Il y a des artistes qui cherchent un style. Grimaud, lui, en a hérité un avant même de savoir ce qu'était un accord. Il grandit dans des ateliers d’art, entouré de matière brute et de gens fabricant des mondes, fils du sculpteur Philippe Bouveret (Niki de Saint Phalle). Dans ces ateliers, on ne parlait pas d'œuvre. On parlait de résistance des matériaux - de ce qu'un objet peut porter sans se briser. 

Grimaud a retenu la leçon et l'a transposée ailleurs : dans des mélodies qu’on croit connaître déjà, dans une voix posée juste au bord du silence, dans des chansons construites comme des sculptures légères - celles dont on se demande comment elles tiennent debout, et qu'on ne cesse de regarder pour cela.

Guitariste de formation, son oreille s'est formée au contact d’artistes tels que Prince, Sting et John Mayer, mais aussi du Hip-Hop et de la French Touch.

Avec son nouvel album La fin du monde qu’il enregistre entre Paris et Amsterdam avec le producteur Vincent Doorman, Grimaud pose un constat de rupture, mais avec une certaine douceur. Comme Tinguely construisant des machines vouées à s'autodétruire sur le parvis de Beaubourg, il fait des chansons qui portent en elles leur propre fin. Des fins que l’on repousse en appuyant sans cesse sur repeat.

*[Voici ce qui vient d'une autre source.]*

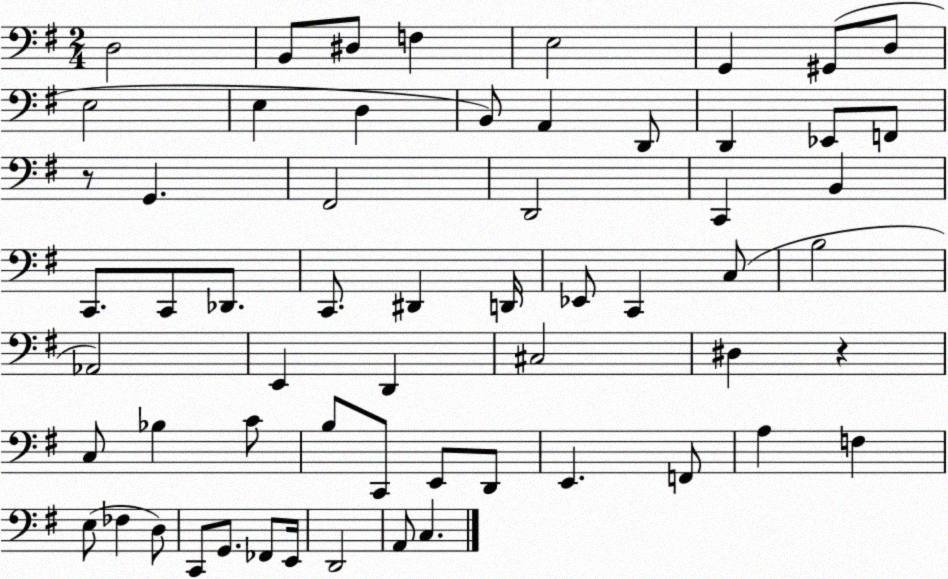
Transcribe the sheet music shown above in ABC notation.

X:1
T:Untitled
M:2/4
L:1/4
K:G
D,2 B,,/2 ^D,/2 F, E,2 G,, ^G,,/2 D,/2 E,2 E, D, B,,/2 A,, D,,/2 D,, _E,,/2 F,,/2 z/2 G,, ^F,,2 D,,2 C,, B,, C,,/2 C,,/2 _D,,/2 C,,/2 ^D,, D,,/4 _E,,/2 C,, C,/2 B,2 _A,,2 E,, D,, ^C,2 ^D, z C,/2 _B, C/2 B,/2 C,,/2 E,,/2 D,,/2 E,, F,,/2 A, F, E,/2 _F, D,/2 C,,/2 G,,/2 _F,,/2 E,,/4 D,,2 A,,/2 C,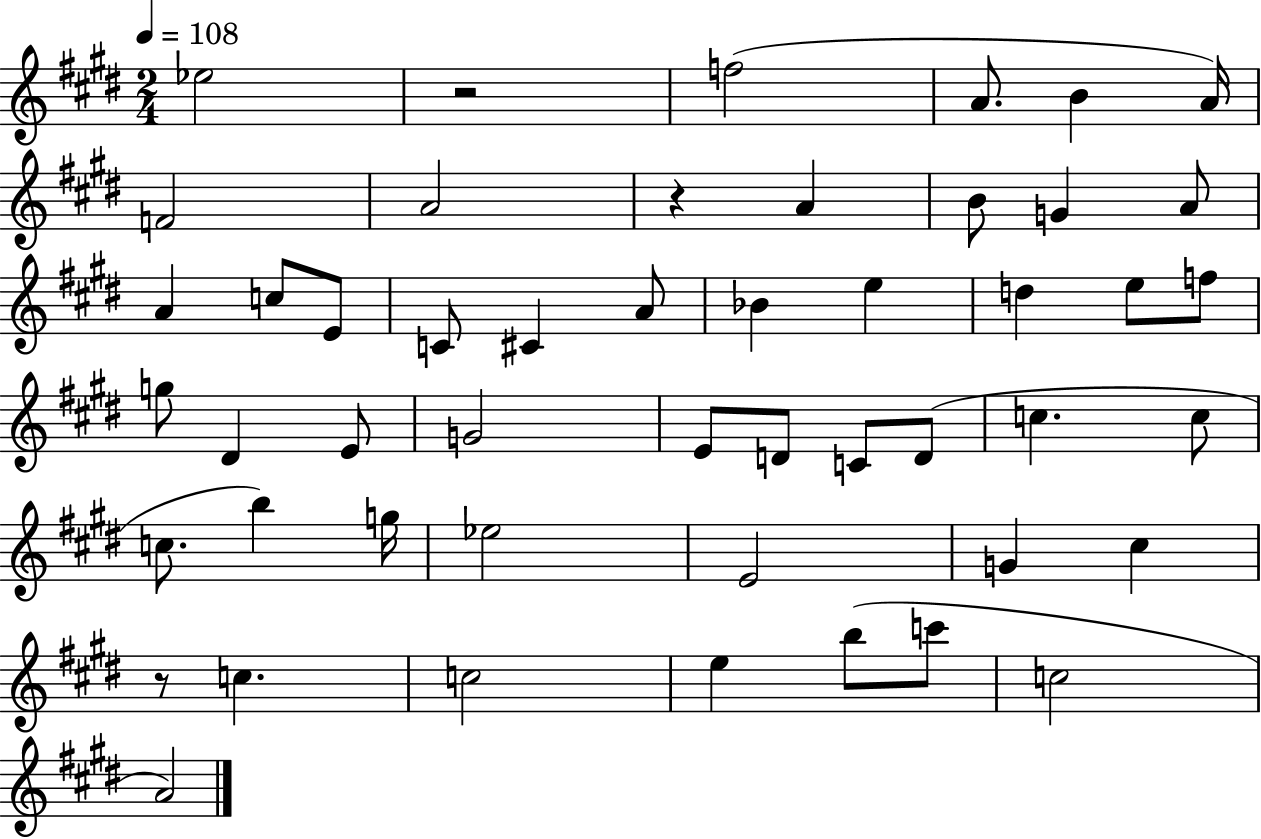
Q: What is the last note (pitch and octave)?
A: A4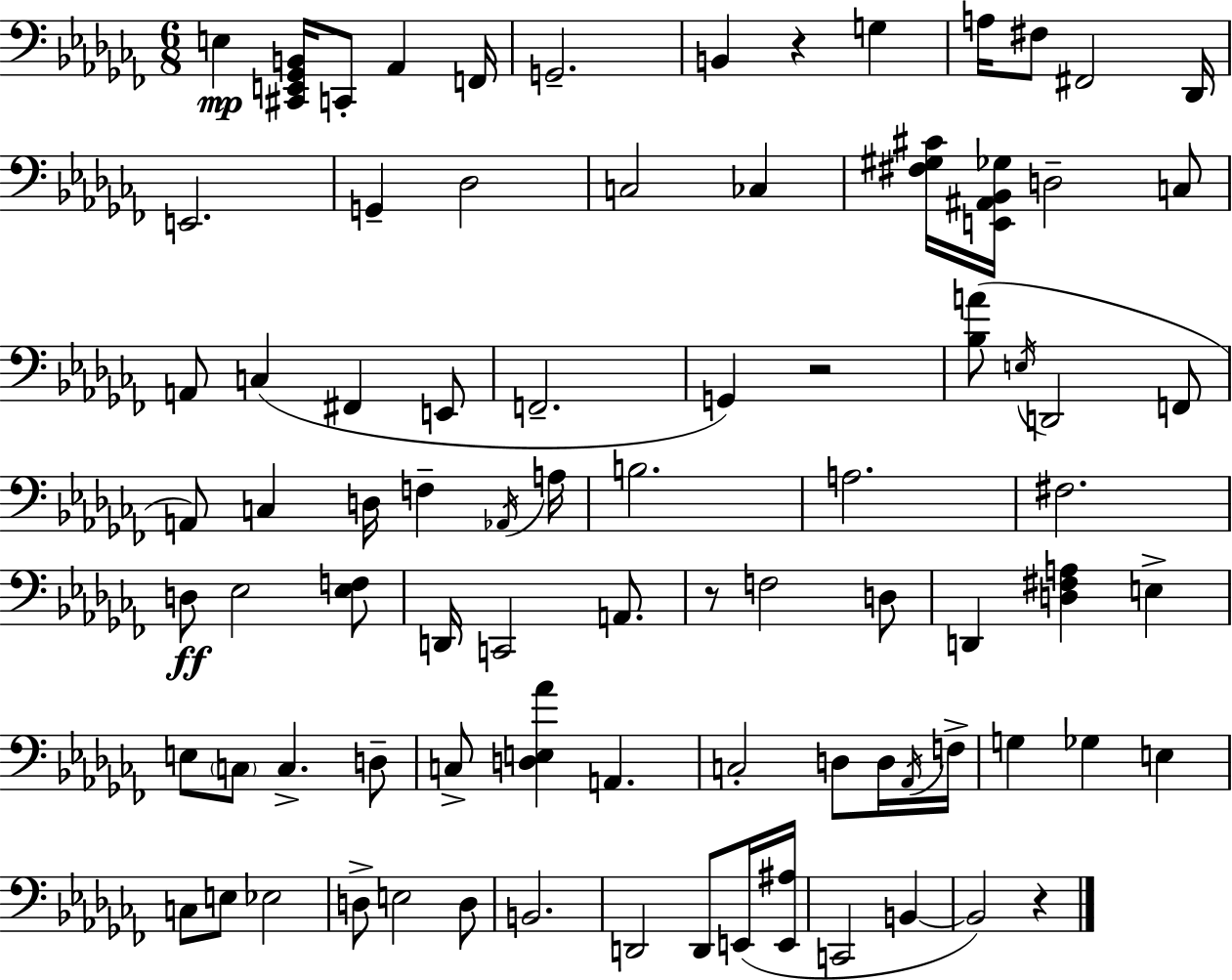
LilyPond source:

{
  \clef bass
  \numericTimeSignature
  \time 6/8
  \key aes \minor
  \repeat volta 2 { e4\mp <cis, e, ges, b,>16 c,8-. aes,4 f,16 | g,2.-- | b,4 r4 g4 | a16 fis8 fis,2 des,16 | \break e,2. | g,4-- des2 | c2 ces4 | <fis gis cis'>16 <e, ais, bes, ges>16 d2-- c8 | \break a,8 c4( fis,4 e,8 | f,2.-- | g,4) r2 | <bes a'>8( \acciaccatura { e16 } d,2 f,8 | \break a,8) c4 d16 f4-- | \acciaccatura { aes,16 } a16 b2. | a2. | fis2. | \break d8\ff ees2 | <ees f>8 d,16 c,2 a,8. | r8 f2 | d8 d,4 <d fis a>4 e4-> | \break e8 \parenthesize c8 c4.-> | d8-- c8-> <d e aes'>4 a,4. | c2-. d8 | d16 \acciaccatura { aes,16 } f16-> g4 ges4 e4 | \break c8 e8 ees2 | d8-> e2 | d8 b,2. | d,2 d,8 | \break e,16( <e, ais>16 c,2 b,4~~ | b,2) r4 | } \bar "|."
}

L’esprit dadaïste serait ce texte ?

"J'aime une fille qui n’existe pas, quand ses yeux brillent, mon brain s’efface. 90’s Guilt, c’est évident, les go’ de ce temps c’était quequ’chose non?" Extrait de 90s Girl

Cette phrase "J'aime une fille qui n'existe pas" ouvre sur quelque chose d'absurde et d'honnête en même temps. C'est une déclaration d'amour à un fantasme, assumée sans ironie. Dada ferait la même chose - nommer l'irréel avec le sérieux du réel.

Pour la sortie de cet album Grimaud (guitare, voix, programmation) se produit en concert accompagné d’Eric Bedoucha, batteur expérimenté de la scène française, dans un duo mélangeant sonorités organiques et électroniques.